The pair became good friends and after graduation followed each other's rising careers. They reconnected when Crandall was working on a big ad campaign for ESPN and persuaded the director to audition O'Malley for the role of "The Rick," a rabid Boston sports fan who lives over his parents' garage. "Mike came in and just crushed it," Crandall says.
Best known for his portrayal of comic characters, O'Malley starred in "Yes, Dear" for six seasons and got a 2010 Emmy nomination for his portrayal of Burt Hummel, the father of a gay student on the popular Fox musical comedy "Glee." But O'Malley is more than just a funny face. He has authored three stage plays, a screenplay, and several episodes of the Showtime series "Shameless." A diehard Boston sports fan, he's now working with Red Sox chairman Tom Werner and LeBron James on a TV movie about two NBA players from a tough neighborhood.
Typically confined to roles as "a middle-aged dad somewhere in America" when he acts, O'Malley loves writing because he can't be typecast. "I get a lot of my creative satisfaction by stretching and doing things that are different," he says. "You're able to have more flexibility when you're a writer."
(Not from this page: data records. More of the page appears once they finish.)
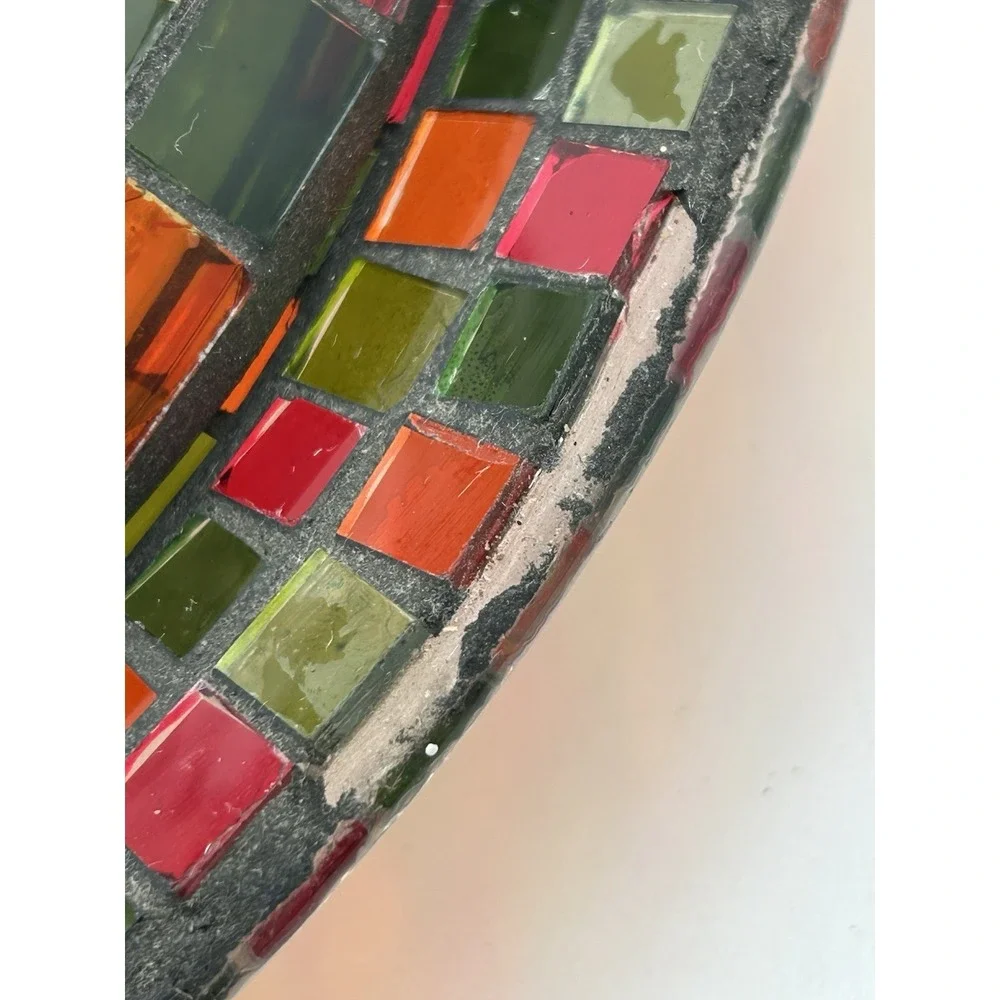 2012 Yankee Candle Mosaic Tile Shade and Plate Set‎ Holiday Colors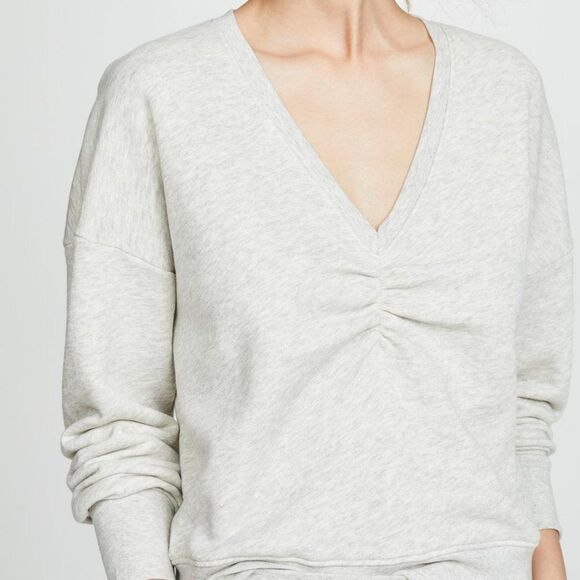 Heather Gray Joie V-Neck Pima Ruched Long Sleeve Sweatshirt (NWT) - Picture 5 of 8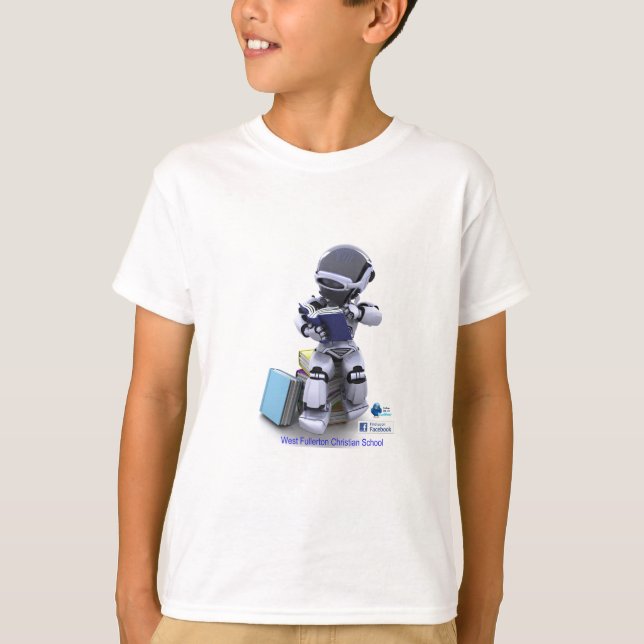 Camiseta criança do robô da leitura (Frente)
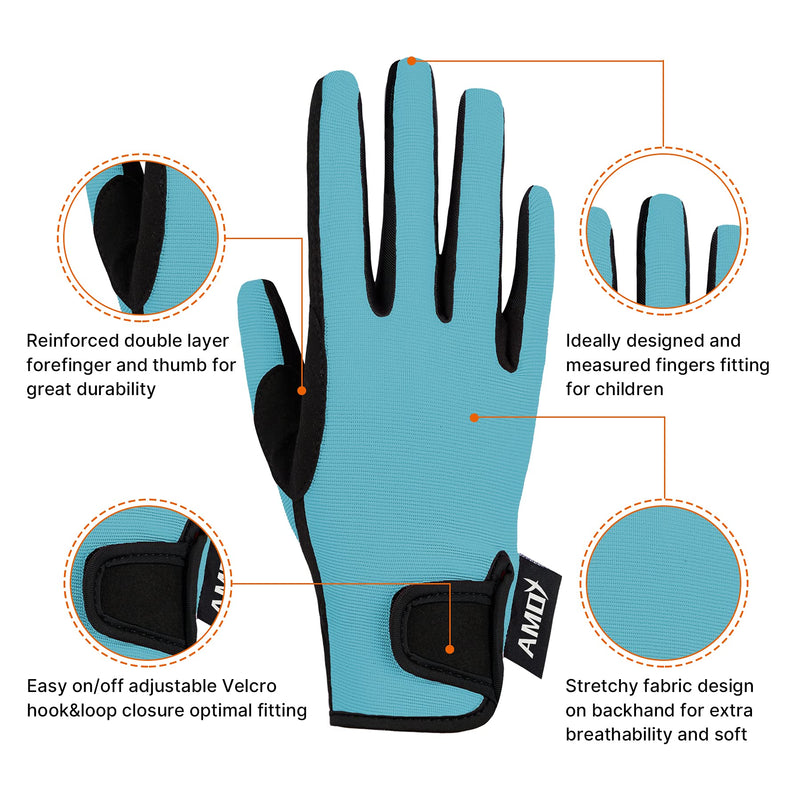 Amoy Kids Horse Riding Gloves Breathable Children Equestrian Horseback Anti-Slipping Boys & Girls Youth Outdoor Biking Cycling Sport Mitts Sky Blue S (Age 6-8) - BeesActive Australia
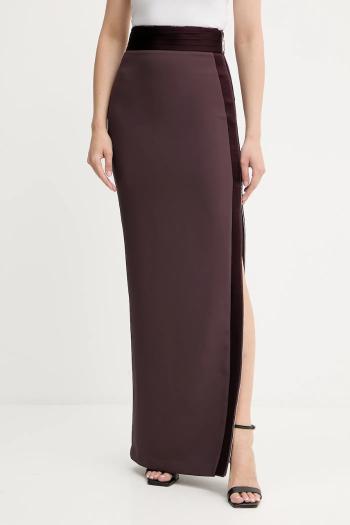 Sukňa Elisabetta Franchi bordová farba, maxi, puzdrová, GO11156E2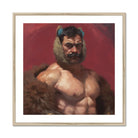 Zaddy Bear - Gay Muscle Daddy Art Print, Digital Painting Muscular Shirtless Figure Horns Mustache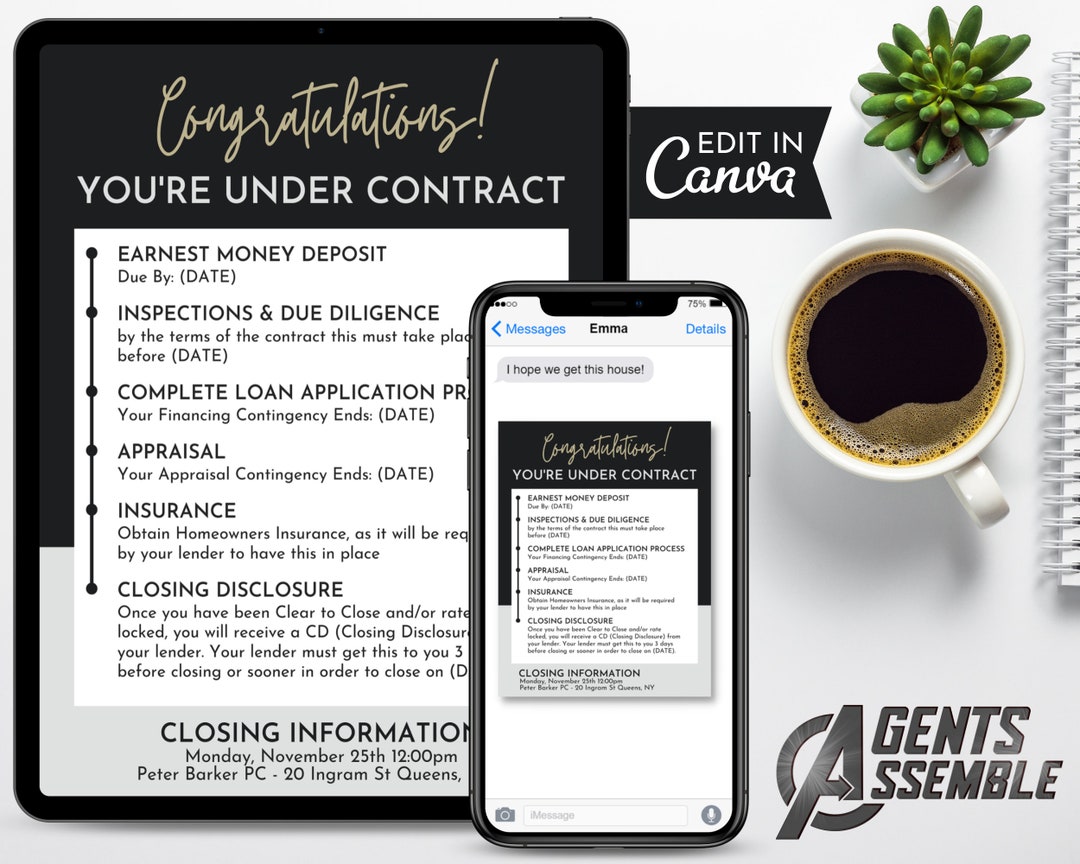 Textable Under Contract Timeline for Realtors, Under Contract Checklist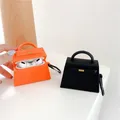 Custodia per auricolari con borsa dal design di lusso arancione nero per Apple Airpods 1 2 3 4 pro 2 Custodia morbida per cuffie con protezione in silicone
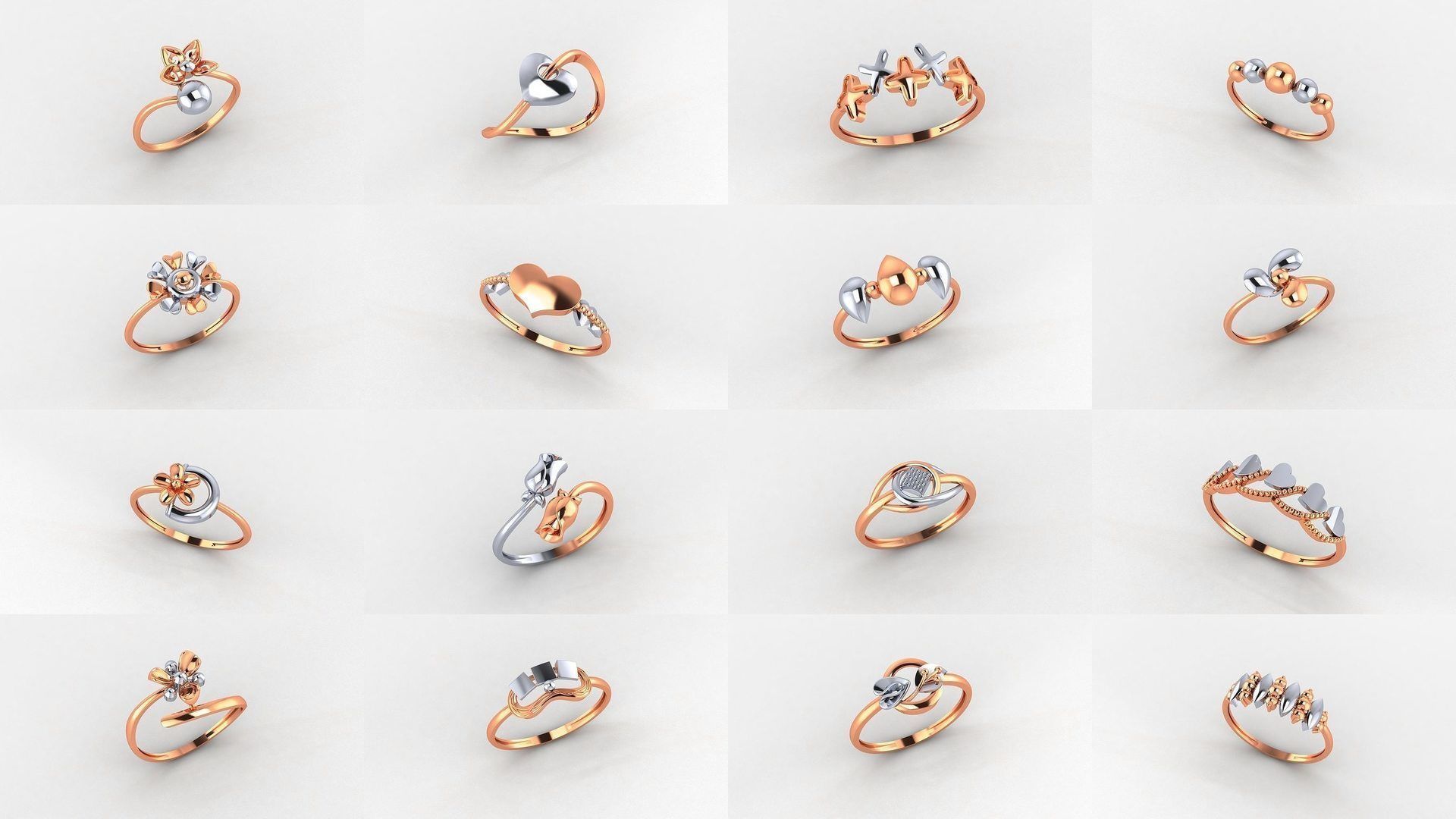 253 Plain Gold Light weight minimalist Rings 3dm stl renders 3D Model Collection_1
O'Malley recently starred in another NBC comedy, "Welcome to the Family," where the professional "family" included producer Barbara Stoll '74 and first assistant director Xochi Blymyer '84. The show premiered last fall in the Thursday-night lineup, but NBC cancelled it after only three episodes when it failed to garner good ratings or kudos from critics. O'Malley is philosophical about the cancellation, but it was still hard to say good-bye to the cast and crew. "After the show is over, you'll mostly likely never see them again," he says. "It's like the collegiate experience over and over again: short bursts of intensity, and then it's over."